● **PROBLEM TO SOLVE**:
Output the line containing "Hi everyone, I" and each line after it through the end of the data, exactly as written, with pictures left out.

● **COLLECTED DATA**:
□ □ □ □

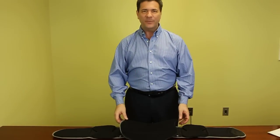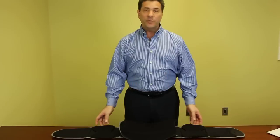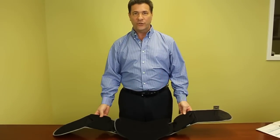Hi, I'm Andy and I'm here to help demonstrate the Comfortland Discovery 10 back brace. This back brace has the PDAC code of L0637.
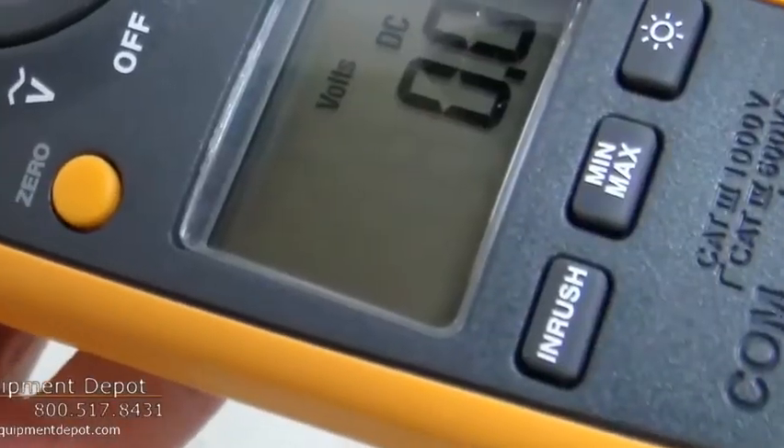Hi everyone, I am York, the Service Department Manager here with Test Equipment Depot, and I'm going to introduce to you the Fluke 374 600-amp, 600-volt, true RMS AC-DC clamp meters.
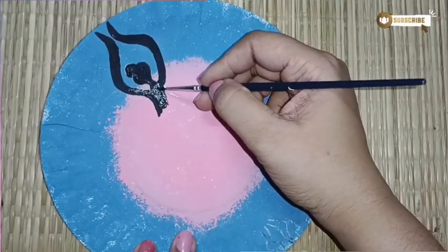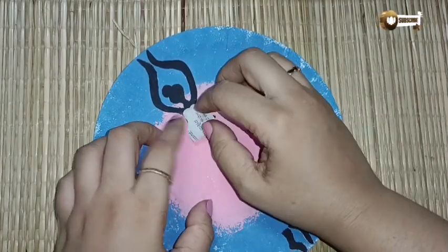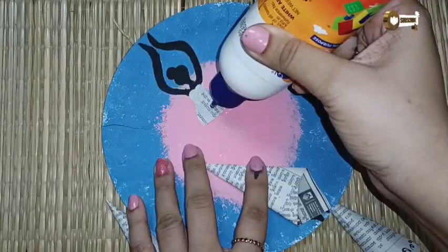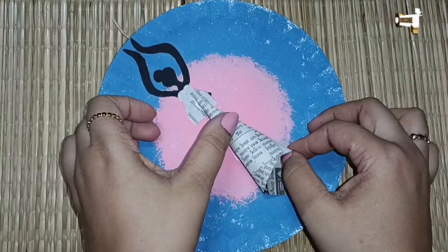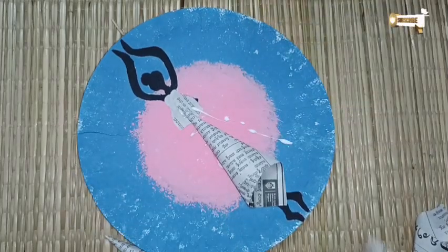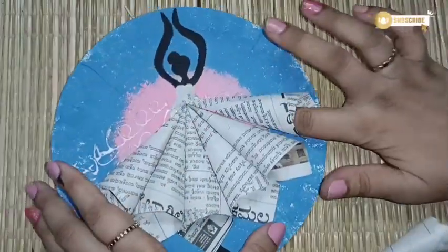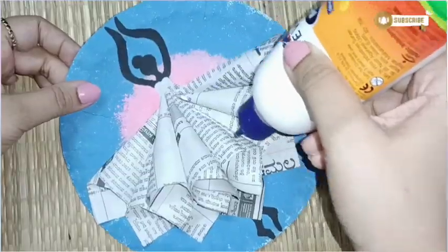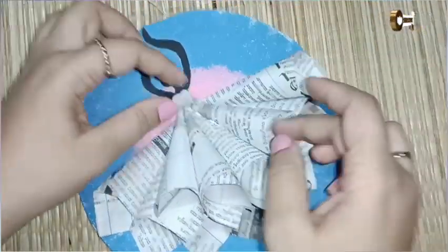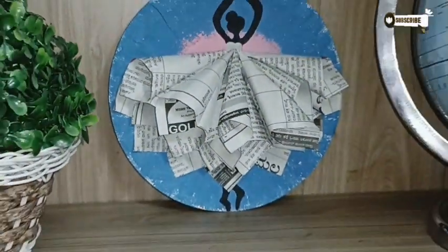One thing to make sure while creating newspaper art, especially painting-related art: don't use newspapers with bold and bright prints. Take newspapers with very subtle prints, like black and white, which will highlight your artwork. All four art pieces were made for my daughter's room — I made these during her summer vacations. These are nice stress busters for kids; whenever they have free time they can try their hands on these simple crafts.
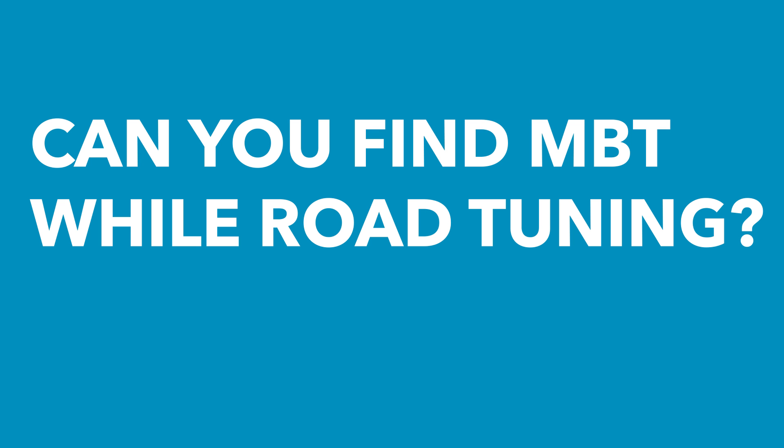Justice has asked: is there any way to do this MBT test on a road tune? Unfortunately not, and this is really one of the main problems when it comes to performing tuning on the road. We would need something that gives us instantaneous feedback about the amount of torque the engine is producing while we're adjusting the ignition timing, and that's really impossible out on the road.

□ □ □ □

● **EXERCISE RESULT**:
Hi everyone, I am York, the Service Department Manager here with Test Equipment Depot, and I'm going to introduce to you the Fluke 374 600-amp, 600-volt, true RMS AC-DC clamp meters.
One thing to make sure while creating newspaper art, especially painting-related art: don't use newspapers with bold and bright prints. Take newspapers with very subtle prints, like black and white, which will highlight your artwork. All four art pieces were made for my daughter's room — I made these during her summer vacations. These are nice stress busters for kids; whenever they have free time they can try their hands on these simple crafts.
Justice has asked: is there any way to do this MBT test on a road tune? Unfortunately not, and this is really one of the main problems when it comes to performing tuning on the road. We would need something that gives us instantaneous feedback about the amount of torque the engine is producing while we're adjusting the ignition timing, and that's really impossible out on the road.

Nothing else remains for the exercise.